¿Vale la pena seguir escribiendo?–Me pregunto algunas noches y la respuesta no tarda en llegar.
La luz es cálida y miro a las personas moverse con delicadeza y elegancia por la habitación, cosa que no me extraña pues no sólo son mujeres, sino las más inteligentes y con gustos exquisitos, que conozco.
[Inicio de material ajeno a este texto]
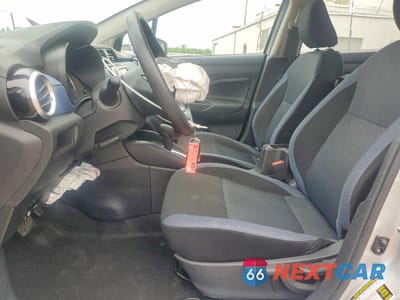Zdjęcie 7 z 12 samochodu: 2025 NISSAN VERSA SV VIN:3N1CN8EV5SL847106 - miniatura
Estamos en la sala Ernest Hemingway de Pengüin Random House México, con un librero del tamaño del muro más grande de la habitación, repleto de libros del piso al techo. Algunas veces, me he sentado en esos confortables sofás de cuero y me he quedado a darle una ojeada a los libros de Stephen King. Otras veces no paro de leer los títulos de la incalculable cantidad de libros que no he leído. Mientras paso las yemas de los dedos delicadamente por el lomo de los libros pienso en aquellos que me han cambiado la vida. Recuerdo los miserables de Víctor Hugo como un faro en la oscuridad que me mostró que no puedo elegir las circunstancias pero sí quien soy, la enseñanza de Buda y muchas de las parábolas que me dieron fuerza cuando ya no sabía de dónde sacarla, los cien años de soledad de García Márquez y comprendo lo fugaz de mi existencia, o Mar negro de Bernardo Esquinca para recordar que los sueños también se pueden cumplir en México, siempre y cuando se trabaje duro en ellos.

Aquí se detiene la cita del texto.